START Provided information

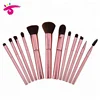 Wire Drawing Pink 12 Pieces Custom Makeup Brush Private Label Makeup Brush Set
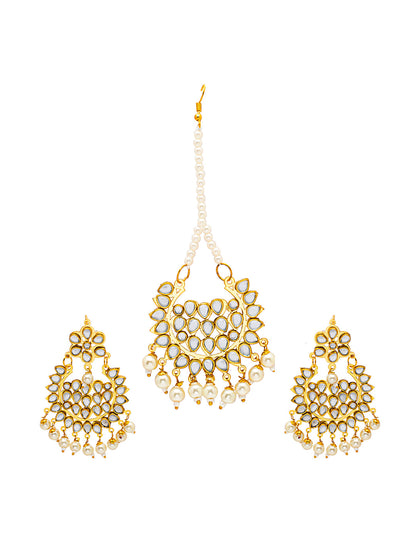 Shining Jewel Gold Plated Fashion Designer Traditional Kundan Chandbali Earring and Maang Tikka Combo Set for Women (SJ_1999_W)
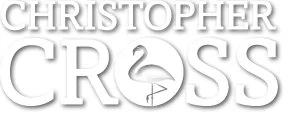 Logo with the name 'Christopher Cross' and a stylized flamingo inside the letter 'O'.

END Provided information
START Provided information

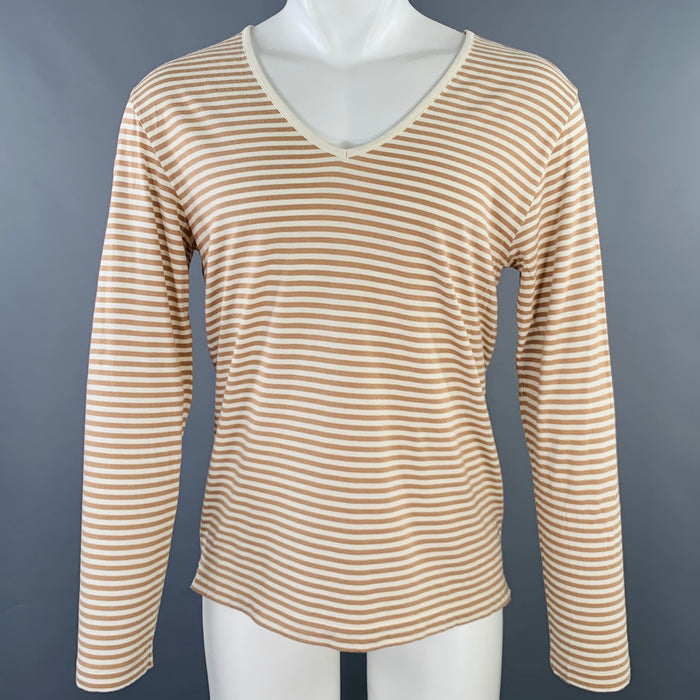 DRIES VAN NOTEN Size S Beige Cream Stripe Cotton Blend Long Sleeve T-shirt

END Provided information

Copy exactly the lines of the listing above between the one holding "Shining Jewel Gold" and the one holding "Logo with the", inclusive; omit all pictures.

 Shining Jewel Gold Plated Fashion Designer Traditional Kundan Chandbali Earring and Maang Tikka Combo Set for Women (SJ_1999_W)
 Logo with the name 'Christopher Cross' and a stylized flamingo inside the letter 'O'.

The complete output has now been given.